- **STORED DATA**
----------

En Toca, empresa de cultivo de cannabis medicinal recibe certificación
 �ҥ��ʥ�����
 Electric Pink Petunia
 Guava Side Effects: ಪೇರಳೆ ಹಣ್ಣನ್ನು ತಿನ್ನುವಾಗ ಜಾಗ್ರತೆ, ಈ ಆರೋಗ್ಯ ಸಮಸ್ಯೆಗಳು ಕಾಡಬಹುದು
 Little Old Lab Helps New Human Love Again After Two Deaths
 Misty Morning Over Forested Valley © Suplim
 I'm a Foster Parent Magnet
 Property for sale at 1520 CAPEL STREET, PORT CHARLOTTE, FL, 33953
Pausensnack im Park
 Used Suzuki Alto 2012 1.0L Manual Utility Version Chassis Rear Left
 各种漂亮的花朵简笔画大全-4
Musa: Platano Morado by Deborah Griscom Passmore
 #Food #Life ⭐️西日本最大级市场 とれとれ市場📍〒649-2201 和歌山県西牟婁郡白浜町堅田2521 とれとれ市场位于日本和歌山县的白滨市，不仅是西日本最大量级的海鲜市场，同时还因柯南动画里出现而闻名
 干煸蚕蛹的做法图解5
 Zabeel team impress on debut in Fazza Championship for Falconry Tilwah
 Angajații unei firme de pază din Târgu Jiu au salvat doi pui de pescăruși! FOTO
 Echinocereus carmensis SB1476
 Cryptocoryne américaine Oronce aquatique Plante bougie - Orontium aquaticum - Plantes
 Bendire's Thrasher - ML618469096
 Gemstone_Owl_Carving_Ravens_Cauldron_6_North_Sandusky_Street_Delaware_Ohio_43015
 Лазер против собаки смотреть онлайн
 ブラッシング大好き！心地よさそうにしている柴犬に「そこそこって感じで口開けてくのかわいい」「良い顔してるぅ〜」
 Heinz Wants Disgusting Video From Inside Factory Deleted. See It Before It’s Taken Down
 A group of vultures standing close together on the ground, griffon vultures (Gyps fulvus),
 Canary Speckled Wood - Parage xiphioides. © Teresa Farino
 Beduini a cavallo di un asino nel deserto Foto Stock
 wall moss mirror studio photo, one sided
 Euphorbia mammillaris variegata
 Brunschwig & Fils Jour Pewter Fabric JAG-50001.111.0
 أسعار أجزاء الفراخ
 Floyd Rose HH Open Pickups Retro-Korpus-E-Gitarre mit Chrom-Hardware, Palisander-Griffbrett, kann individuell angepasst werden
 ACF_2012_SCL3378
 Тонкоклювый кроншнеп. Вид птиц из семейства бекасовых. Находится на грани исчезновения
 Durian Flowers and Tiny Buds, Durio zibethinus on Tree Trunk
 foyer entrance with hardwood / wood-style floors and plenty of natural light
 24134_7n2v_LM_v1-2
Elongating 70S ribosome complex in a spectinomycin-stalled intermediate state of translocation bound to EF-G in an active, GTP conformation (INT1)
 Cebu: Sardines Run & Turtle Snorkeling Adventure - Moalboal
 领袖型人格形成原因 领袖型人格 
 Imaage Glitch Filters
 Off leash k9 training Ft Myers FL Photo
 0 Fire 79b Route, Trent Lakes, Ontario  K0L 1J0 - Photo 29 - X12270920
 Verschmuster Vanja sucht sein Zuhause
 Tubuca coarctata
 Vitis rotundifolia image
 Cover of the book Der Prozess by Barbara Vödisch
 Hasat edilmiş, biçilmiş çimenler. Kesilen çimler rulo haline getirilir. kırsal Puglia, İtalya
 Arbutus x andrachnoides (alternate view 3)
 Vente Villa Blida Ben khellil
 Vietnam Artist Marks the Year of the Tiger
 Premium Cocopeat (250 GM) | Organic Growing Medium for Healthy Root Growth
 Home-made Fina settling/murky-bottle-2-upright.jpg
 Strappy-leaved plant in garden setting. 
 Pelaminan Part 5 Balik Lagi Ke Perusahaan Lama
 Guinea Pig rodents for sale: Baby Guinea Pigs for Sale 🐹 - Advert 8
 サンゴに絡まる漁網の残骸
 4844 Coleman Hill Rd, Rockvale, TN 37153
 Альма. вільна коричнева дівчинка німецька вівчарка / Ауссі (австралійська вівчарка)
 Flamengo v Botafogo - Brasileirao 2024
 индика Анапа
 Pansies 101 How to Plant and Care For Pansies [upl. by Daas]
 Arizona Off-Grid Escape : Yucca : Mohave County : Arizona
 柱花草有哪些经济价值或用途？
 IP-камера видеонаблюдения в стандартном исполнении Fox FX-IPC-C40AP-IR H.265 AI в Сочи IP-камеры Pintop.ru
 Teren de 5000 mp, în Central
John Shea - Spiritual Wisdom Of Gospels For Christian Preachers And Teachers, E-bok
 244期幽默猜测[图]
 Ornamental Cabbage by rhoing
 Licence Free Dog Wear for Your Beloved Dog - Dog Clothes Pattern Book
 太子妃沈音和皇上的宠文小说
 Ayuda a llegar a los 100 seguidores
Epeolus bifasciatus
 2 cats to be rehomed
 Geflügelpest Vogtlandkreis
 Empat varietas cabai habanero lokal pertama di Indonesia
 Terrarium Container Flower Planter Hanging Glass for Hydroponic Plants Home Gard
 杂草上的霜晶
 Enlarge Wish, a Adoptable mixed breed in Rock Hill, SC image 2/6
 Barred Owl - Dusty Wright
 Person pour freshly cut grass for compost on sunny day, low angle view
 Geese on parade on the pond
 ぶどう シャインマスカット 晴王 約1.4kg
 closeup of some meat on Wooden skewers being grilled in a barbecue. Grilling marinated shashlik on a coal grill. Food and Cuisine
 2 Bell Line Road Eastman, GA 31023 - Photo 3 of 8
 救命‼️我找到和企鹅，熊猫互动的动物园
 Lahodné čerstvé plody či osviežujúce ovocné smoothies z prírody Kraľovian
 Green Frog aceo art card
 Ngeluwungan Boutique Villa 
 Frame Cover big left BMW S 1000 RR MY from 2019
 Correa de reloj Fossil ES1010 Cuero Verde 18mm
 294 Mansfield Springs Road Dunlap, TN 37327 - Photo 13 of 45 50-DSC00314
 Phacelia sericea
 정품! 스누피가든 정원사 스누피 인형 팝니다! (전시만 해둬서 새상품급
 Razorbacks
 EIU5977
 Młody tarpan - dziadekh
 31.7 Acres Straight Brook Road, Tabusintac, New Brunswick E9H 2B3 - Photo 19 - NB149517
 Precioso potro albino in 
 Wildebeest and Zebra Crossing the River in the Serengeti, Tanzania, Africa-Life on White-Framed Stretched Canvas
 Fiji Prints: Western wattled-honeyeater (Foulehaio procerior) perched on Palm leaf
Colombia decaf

----------

- **WORK TO COMPLETE**
Using the entries shown above, reproduce verbatim the lines from the line bearing "Tubuca coarctata" to the line bearing "Pelaminan Part 5", inclusive.

- **TASK ANSWER**
 Tubuca coarctata
 Vitis rotundifolia image
 Cover of the book Der Prozess by Barbara Vödisch
 Hasat edilmiş, biçilmiş çimenler. Kesilen çimler rulo haline getirilir. kırsal Puglia, İtalya
 Arbutus x andrachnoides (alternate view 3)
 Vente Villa Blida Ben khellil
 Vietnam Artist Marks the Year of the Tiger
 Premium Cocopeat (250 GM) | Organic Growing Medium for Healthy Root Growth
 Home-made Fina settling/murky-bottle-2-upright.jpg
 Strappy-leaved plant in garden setting. 
 Pelaminan Part 5 Balik Lagi Ke Perusahaan Lama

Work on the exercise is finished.